In the wake of an unprecedented attempt by anti-union corporate special interests to mislead the American public on unions, and particularly on the Employee Free Choice Act, it's time to set the record straight. The ad is part of a broad, coordinated effort to champion the legislation and facilitate its passage in Congress.
Why? Americans of all backgrounds are tired of watching their paychecks shrink, the cost of gas and health care skyrocket, and domestic jobs sent overseas. They are also suspicious of the CEOs and corporate interest groups who got us into this mess and jumped ship with taxpayer-funded golden parachutes. They are hungry for measures that strengthen the middle class and ease the economic crunch on America's workers. In fact, a recent poll conducted by Peter D. Hart Research Associates found that 60 percent of voters think the Employee Free Choice Act should be enacted, and nearly one-third (31 percent) strongly believe it should be a priority for Congress.
Adding new meaning to the term "chutzpah," corporate special interests now accuse unions and the Employee Free Choice Act as a threat to our economic livelihood. Quite the opposite is true.
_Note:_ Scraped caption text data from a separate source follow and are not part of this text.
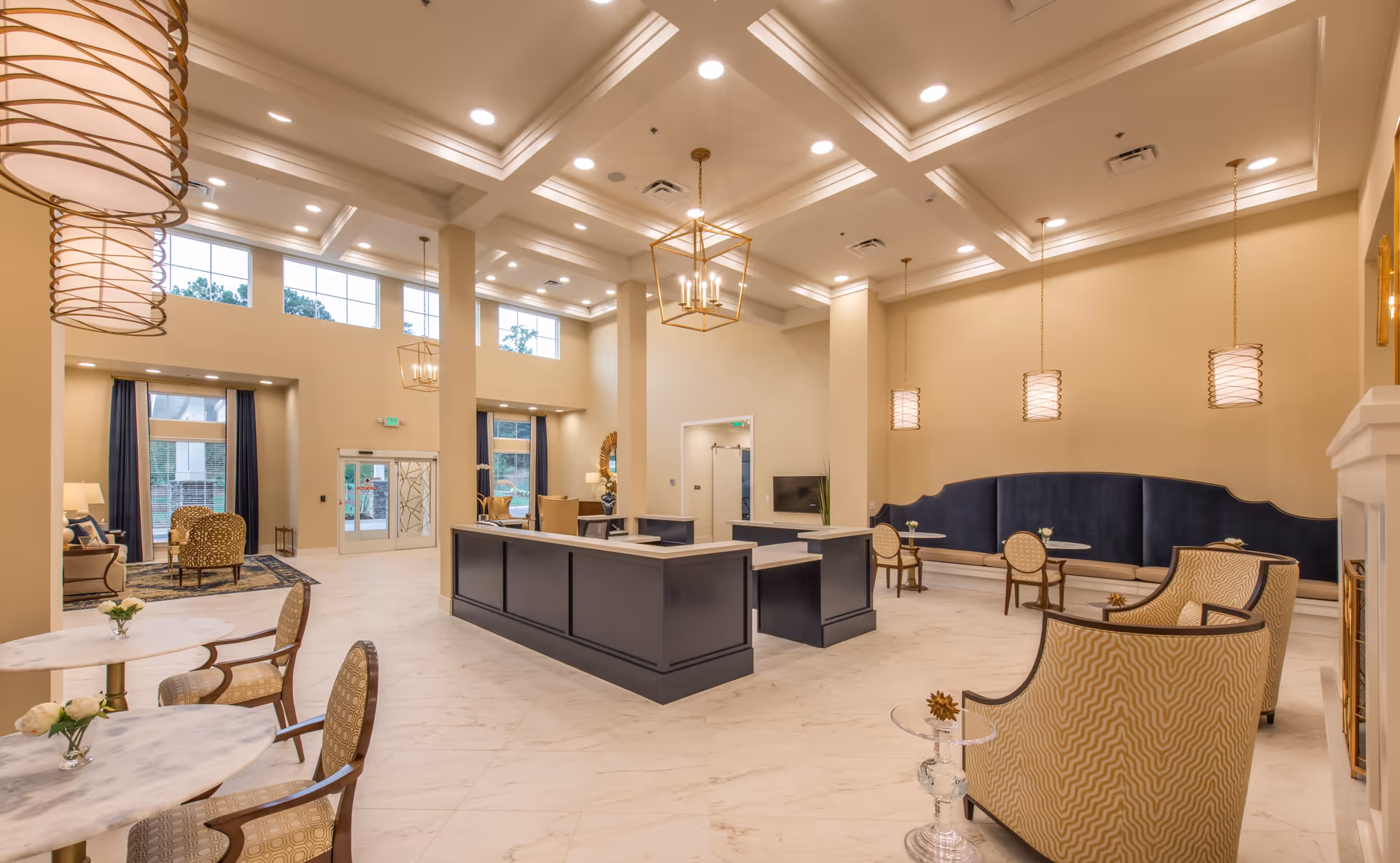 A spacious and elegant senior living facility lobby with high ceilings, large windows, and modern lighting fixtures. The room features a central reception desk in dark blue, several seating areas with upholstered chairs and small round tables, and a long blue cushioned bench along one wall. The floor is light-colored marble, and the walls are painted in a soft beige tone. There are decorative elements such as flowers on tables and a fireplace on the right side.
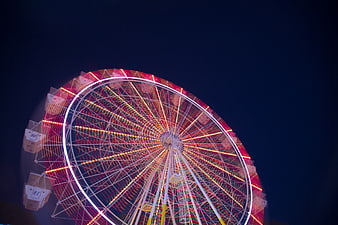 Illuminated Ferris Wheel at Night with Red and White Lights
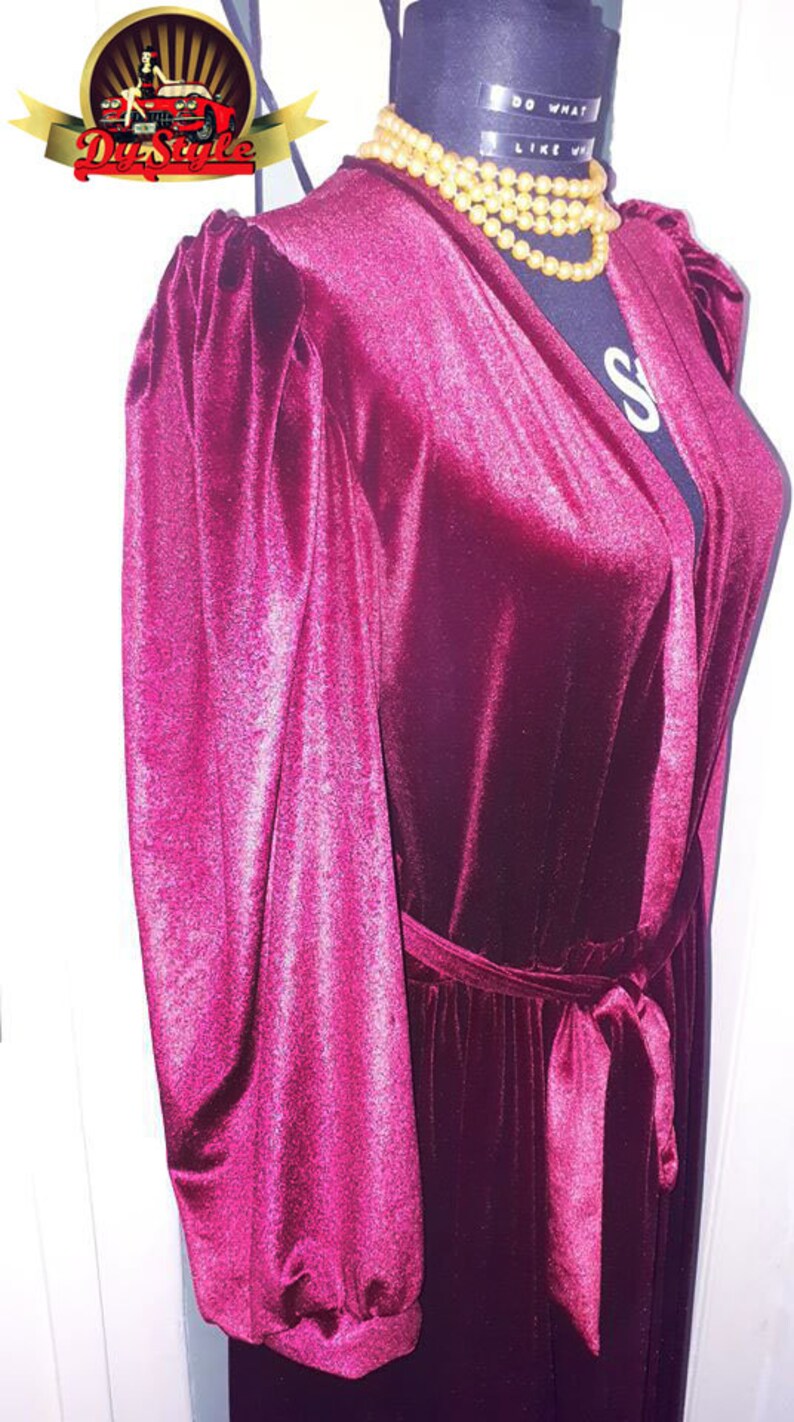 May include: A long-sleeved, burgundy velvet robe with a tie belt. The robe has puffed sleeves and a V-neckline.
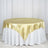 Gold satin tablecloth draped over a round table with a white underlayer.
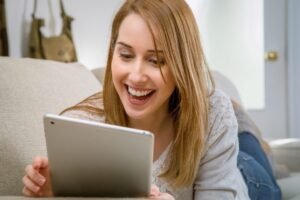 A young lady holding a tablet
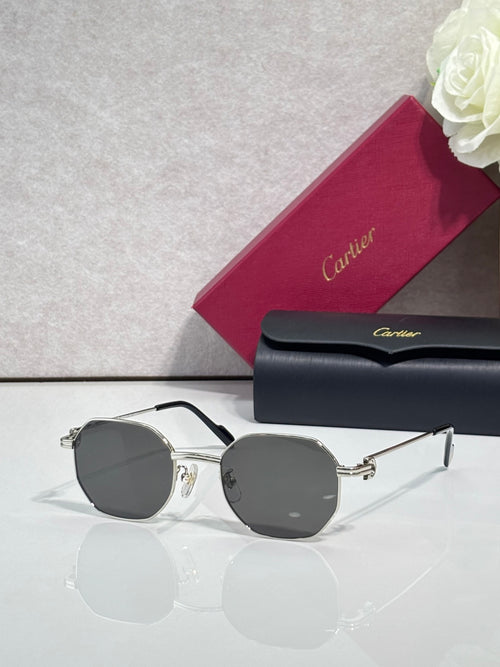 Cartier sunglasses with silver metal frame and dark gray round lenses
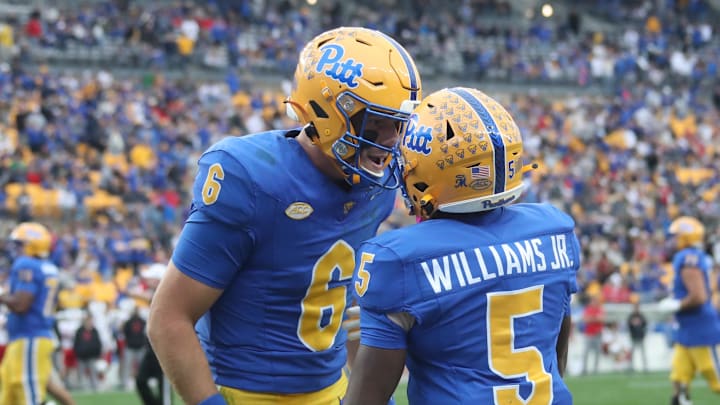 Oct 25, 2025; Pittsburgh, Pennsylvania, USA;  Pittsburgh Panthers quarterback Mason Heintschel (6) and wide receiver Raphael Williams Jr. (5) celebrate after combining for a touchdown against the North Carolina State Wolfpack during the second quarter at Acrisure Stadium. Mandatory Credit: Charles LeClaire-Imagn Images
When workers have the ability to more easily form unions and bargain for better pay and benefits, their purchasing power and financial stability increase, strengthening consumer demand and benefiting businesses.
Corporate special interests also claim that if passed, the bill will open the door for unions to intimidate workers. Putting aside the laughable assertion that big businesses are sudden champions of workers' rights, their rhetoric doesn't hold up against the facts. Anti-union employers are the largest source of intimidation in the current union organizing system, and they do not want to lose the upper hand they have in scaring workers out of supporting a union. Workers who form unions through National Labor Relations Board elections are twice as likely (46% to 23%) as those using majority sign-up to report management coercion. A recent study found fewer than one in 20 workers who signed a card with a union organizer reported that the presence of the organizer made them feel pressured to sign the card.
Reform is clearly needed, and as public support for the Employee Free Choice Act continues to grow, anti-union forces are scared. It's no wonder: giving up unbridled power is never easy. Lawmakers must look beyond CEOs for solutions to our economic woes - those solutions also need to come from the workers and their advocates who keep our country running.
In 2007, a bipartisan majority passed the Employee Free Choice Act in the House of Representatives, and although it had majority support in the Senate, a small group of Senators blocked its passage with a filibuster. Fortunately, the political climate has changed, and the tide for workers' rights is turning in our direction. Our recent national election yielded an even more worker-friendly House, Senate and a President-elect who has promised to sign the legislation into law. That's why we are continuing our efforts to educate both the public and lawmakers on why the need for passage of the Employee Free Choice Act is urgent. Americans struggling to make ends meet can't afford to wait for change - it must happen now.